Watching old Youtube videos and reading various blogs, so many people had things to say about Bert's Heaven Scents.  But his website is gone now. It's hard to imagine someone went out of business when he was obviously well-liked.  Anyone know what happened to him?


----------



## lsg (Jan 28, 2013)

Roxanne Quimby bought him out in 1999 with a house worth $ 130,000.  She then sold 80% of the company to AEA.  Burt's Bees was then sold to Clorox in November.
http://www.treehugger.com/corporate...-behind-burts-bees-it-sold-out-years-ago.html


----------



## melstan775 (Jan 28, 2013)

Not talking about Burt's Bees. That's a soaps company.

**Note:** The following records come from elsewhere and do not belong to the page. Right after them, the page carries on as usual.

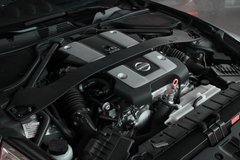 2010款 3.7 自动 Touring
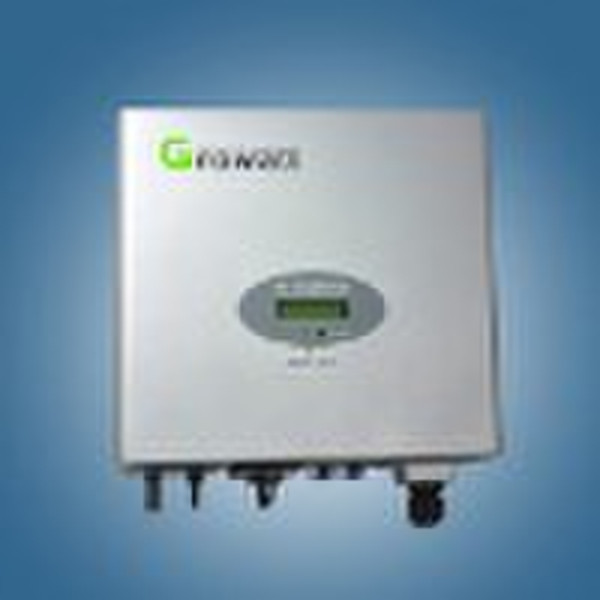 Growatt 1500W 3кВт 2KW 4KW 5KW солнечной энергии PV Инвер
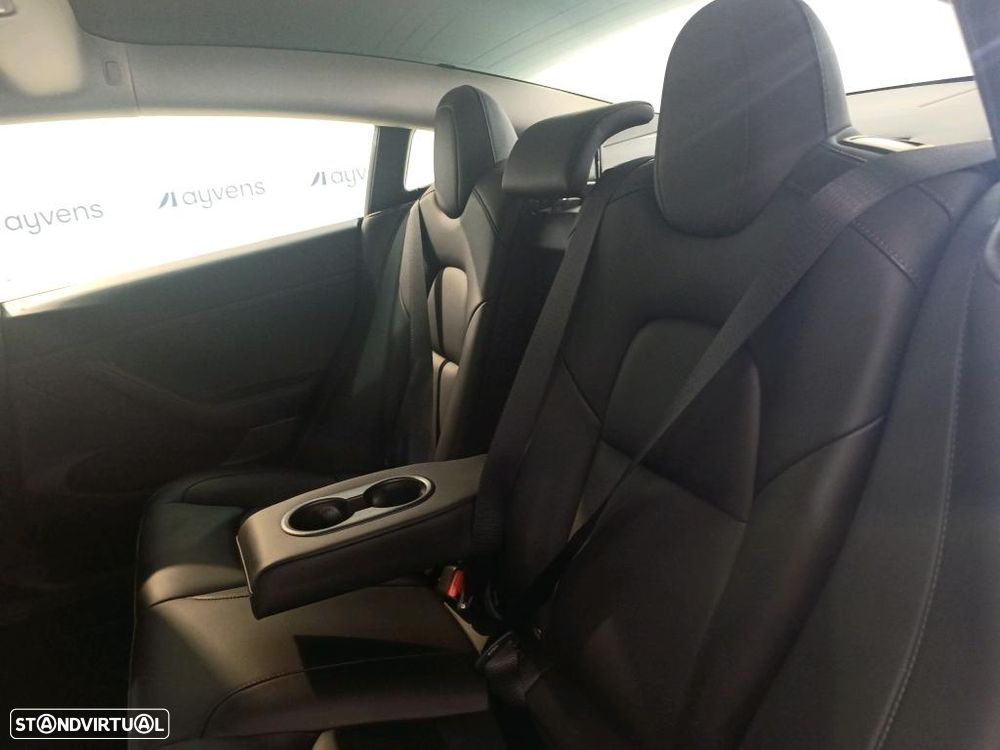 Tesla Model 3 Long-Range Dual Motor AWD - 10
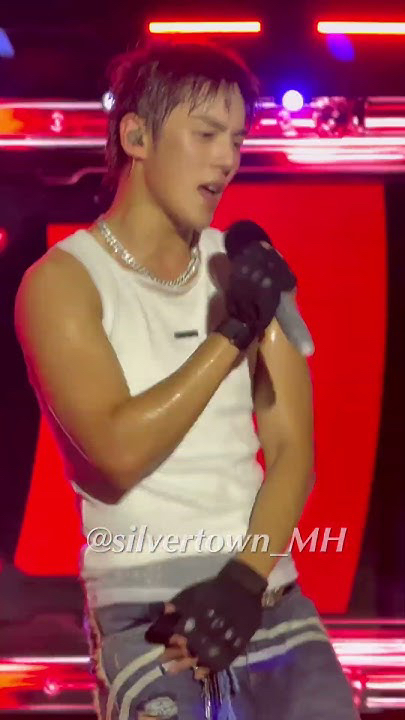 민혁 (몬스타엑스) 팬이 찍은 순간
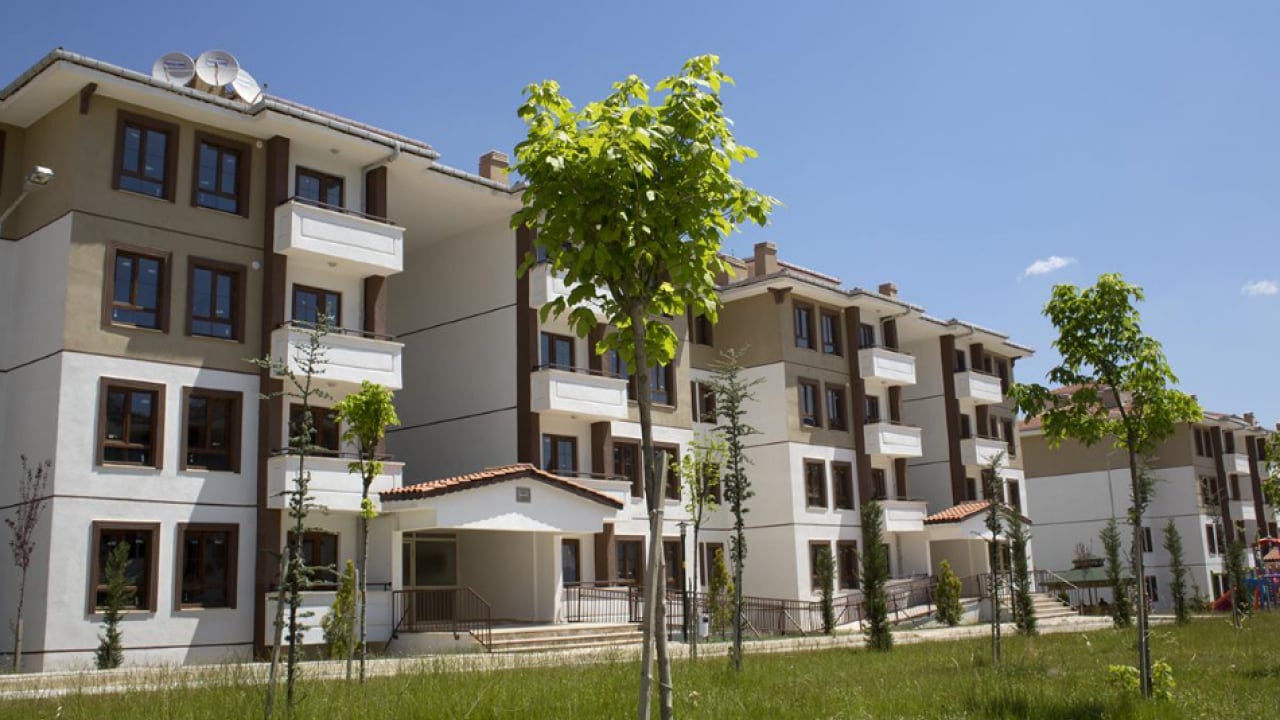 Foto - 500 bin sosyal konut projesinde kura çekilişi devam ediyor: TOKİ kura sonuçları ne zaman açıklanacak?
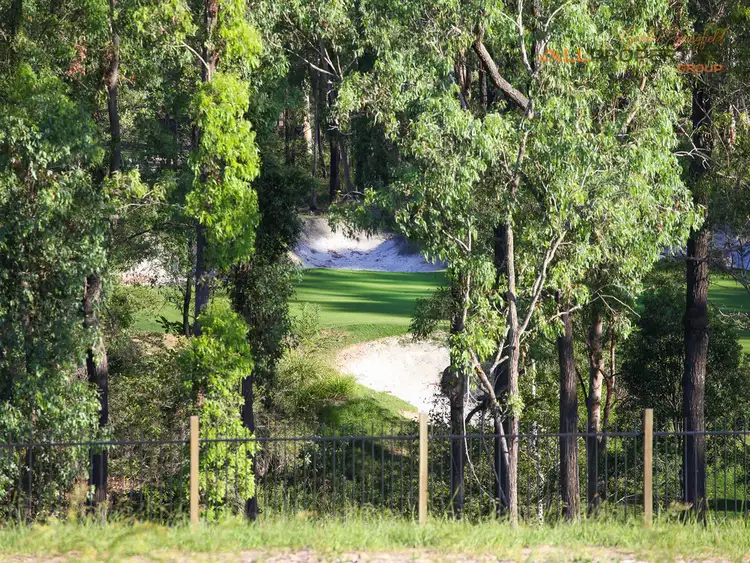 Fifth view of Homely land listing, Lot 3220/30 Botanic Cresent, Brookwater QLD 4300
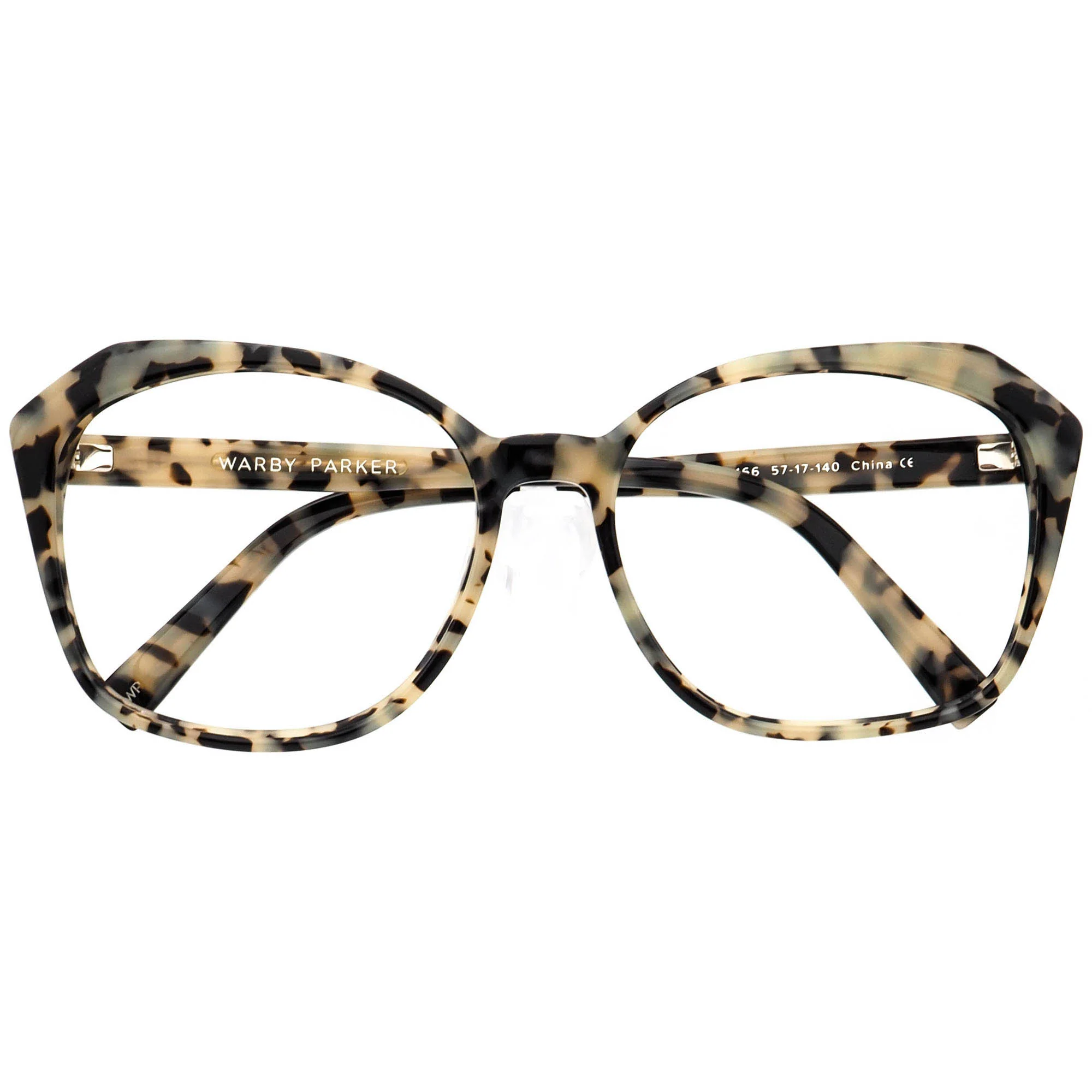 Warby Parker Nancy 166   57□17 140 - Image 6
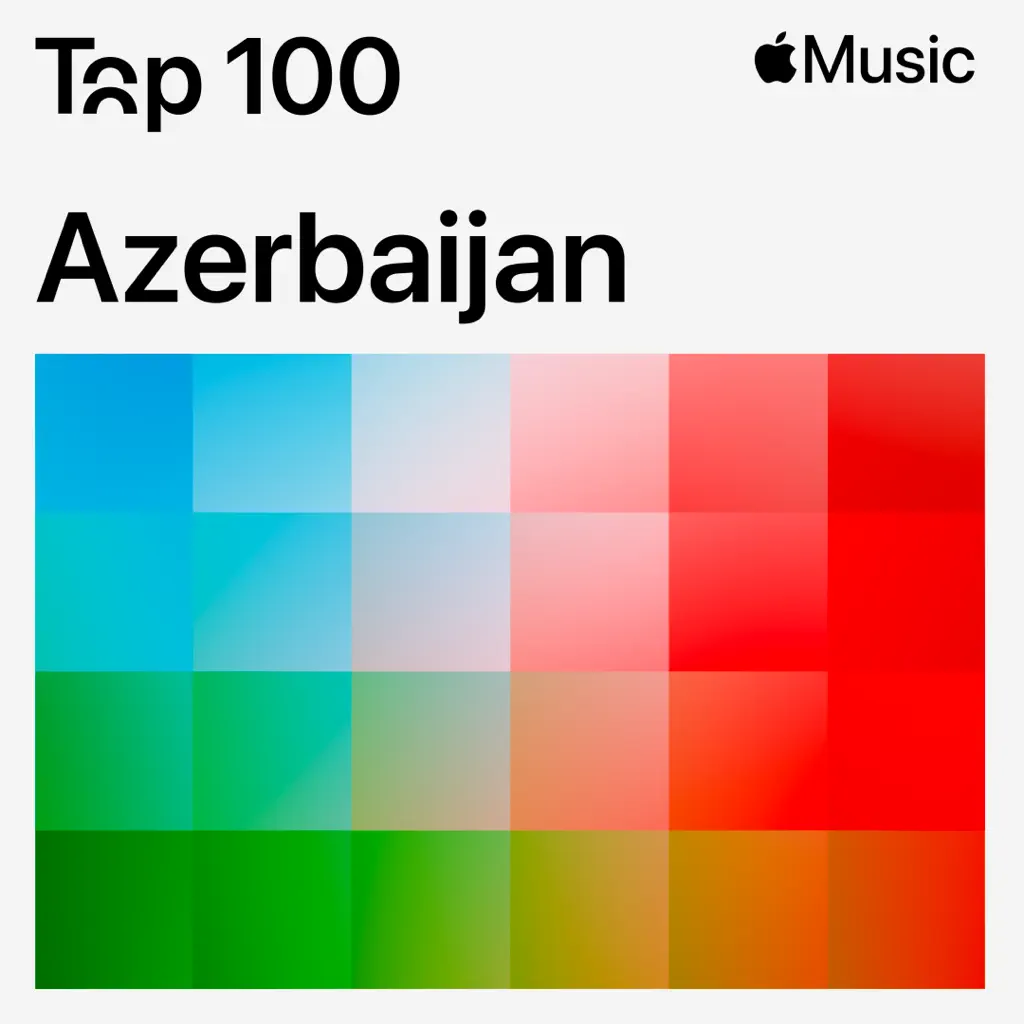 Top 100: Azerbaycan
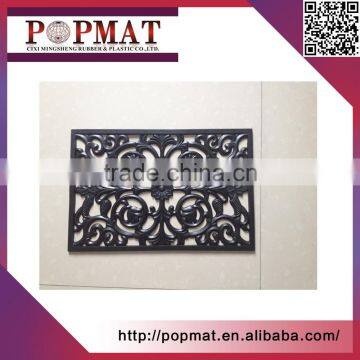 High Quality Beautiful Outdoor Step Mats photo-5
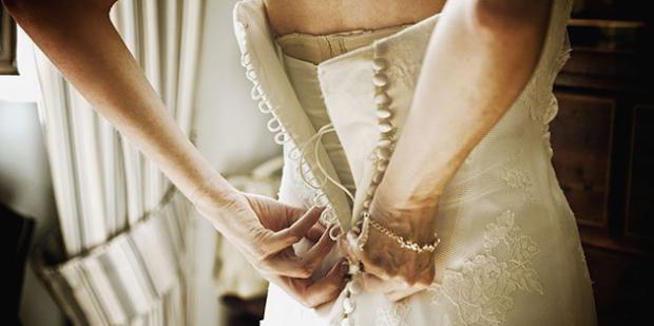 Marriage just isn't my thing Marriage just isn't my thing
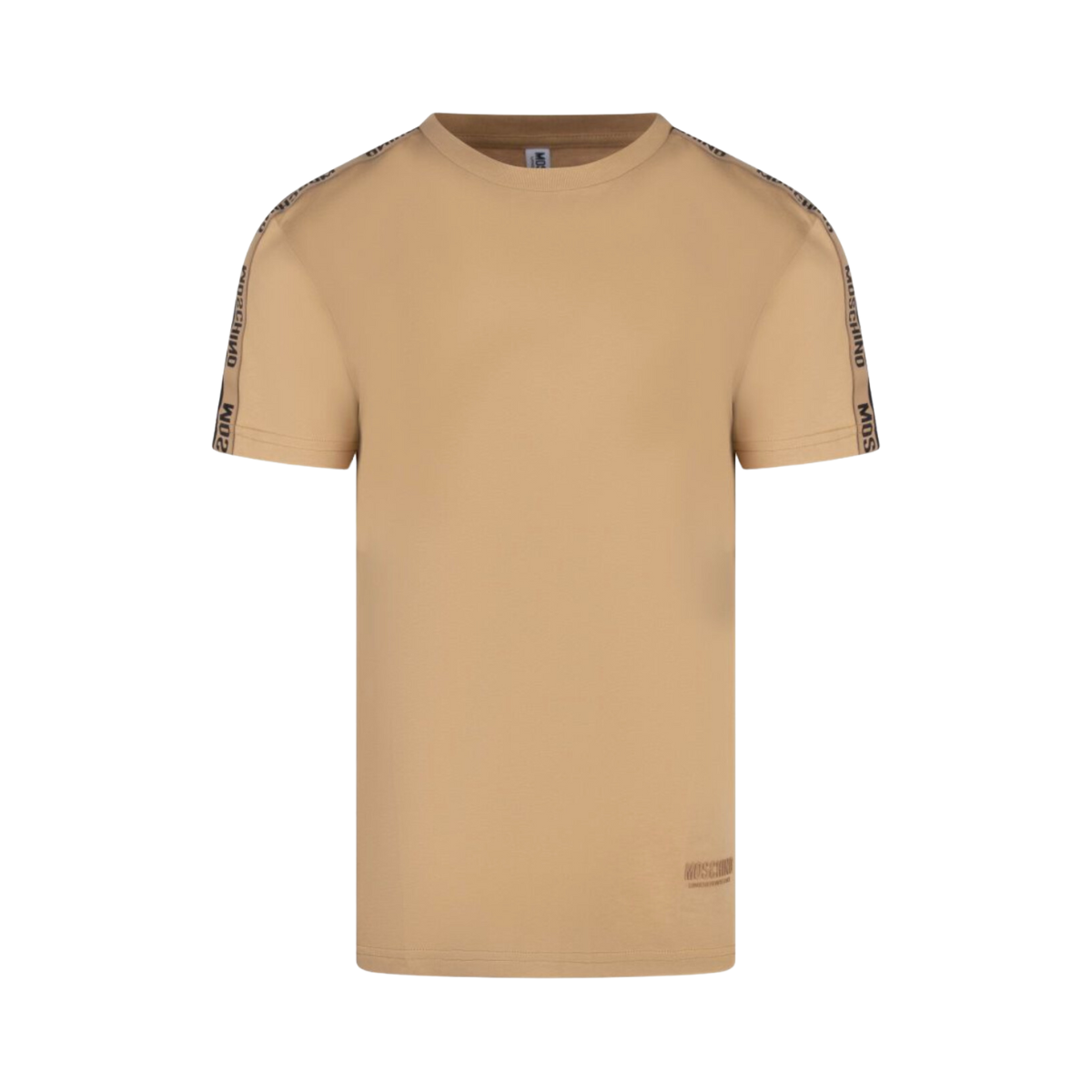 T-shirt - Brown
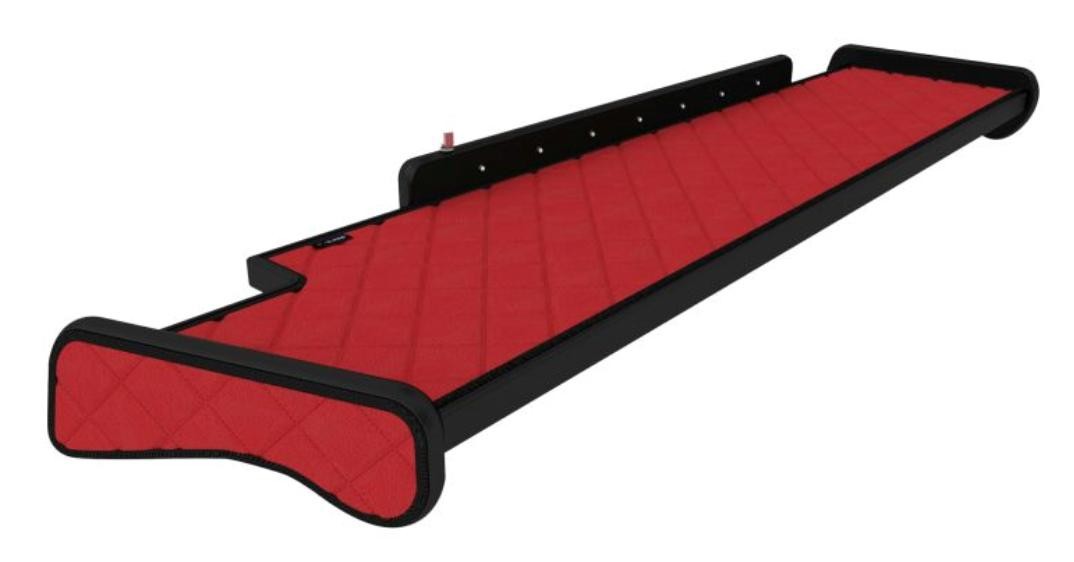 F-CORE FT30 RED: Tablette Elegance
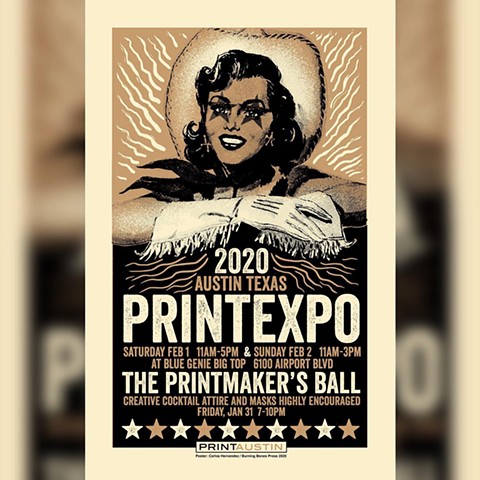 PrintEXPO 2020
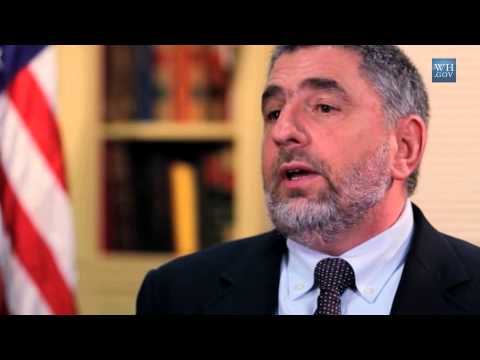 Advocate for Action: Dr. Ken Silverman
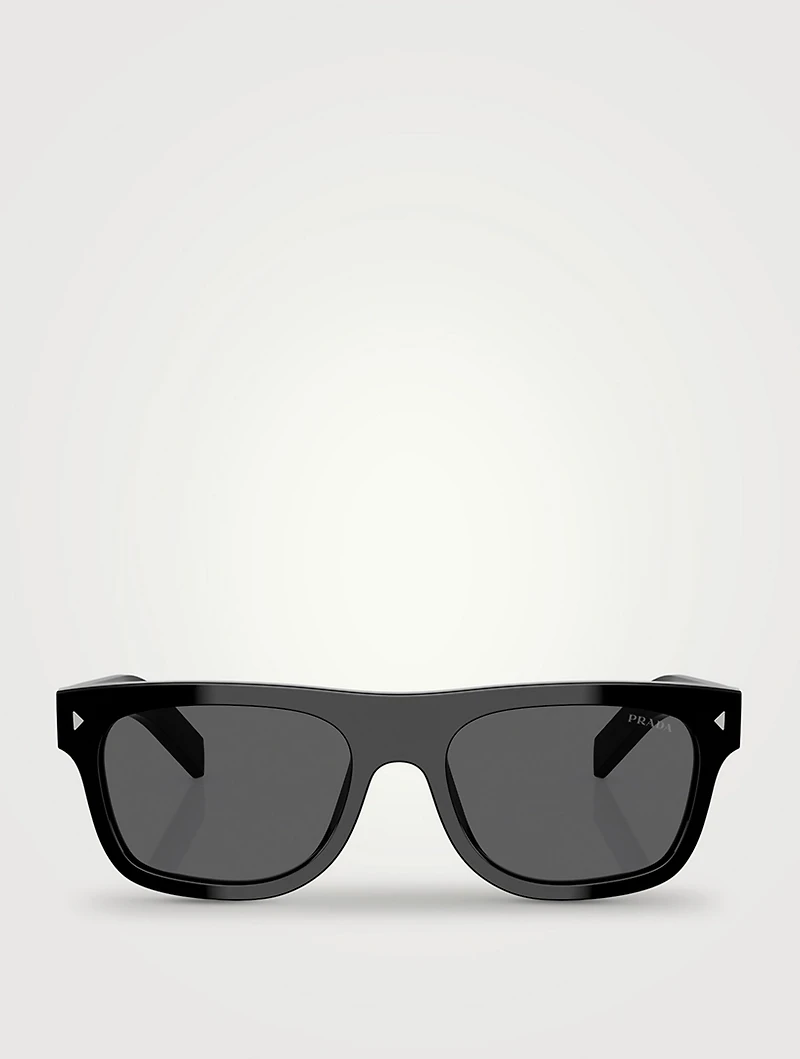 Square Sunglasses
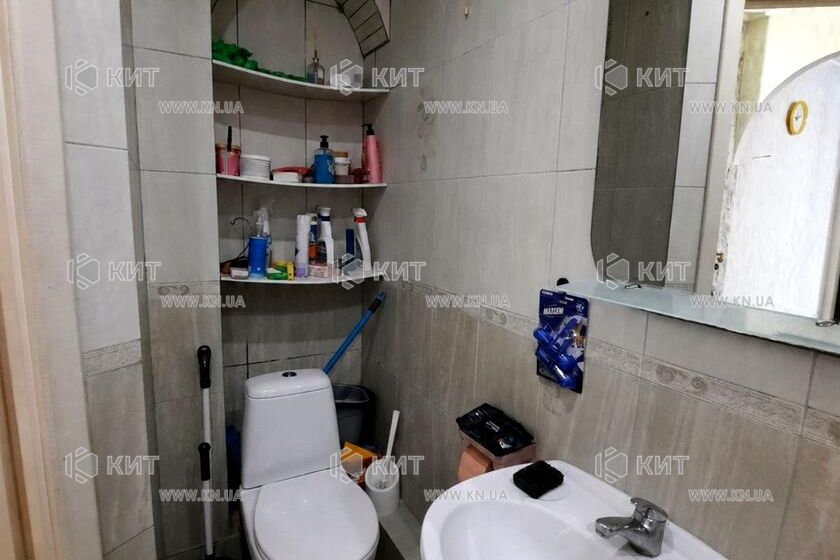 Продаж квартири Харків, Одеська, Основа, 24м²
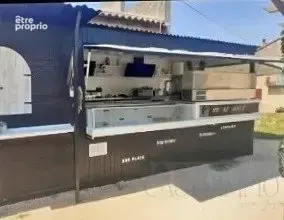 À vendre  food truck avec emplacement fixe à saint-drézéry - photo 3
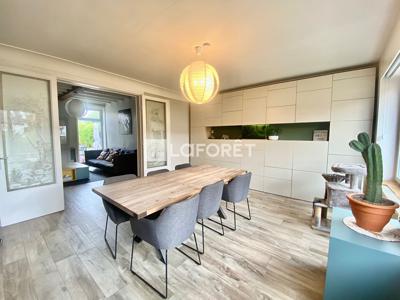 Vente maison 6 pièces 170 m² Louvil (59830)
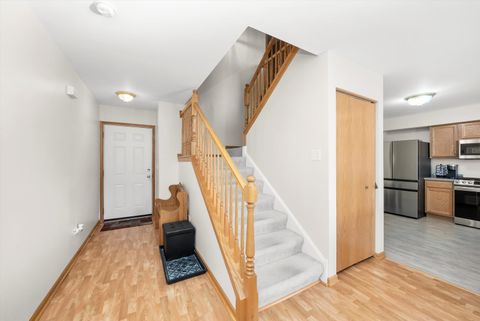 Tiny photo for 25236 Faraday Road, Manhattan, IL 60442 (MLS # 12519258)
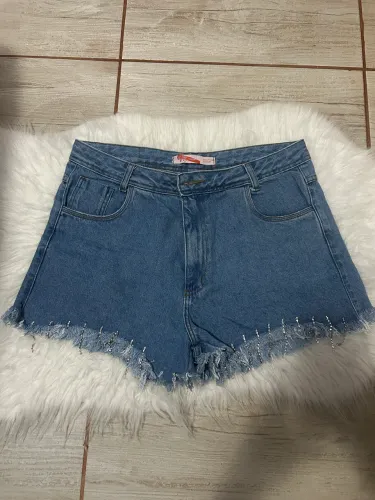 Shorts jeans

I am talking about a fragerence oil supplier. Thank you though. Somewhere in there it's been suppressed that Burt's Bees also went through a sale to L'Oreal, and that's when their packaging changed from tin and aluminum to plastic.


----------



## lsg (Jan 28, 2013)

Oops, sorry.  This must not be my night. LOL


----------



## Genny (Jan 30, 2013)

Yep, Berts went out of business a few years ago.  She had some lovely fo's


----------



## melstan775 (Feb 1, 2013)

Just saw this. Thank you for your reply Genny!


----------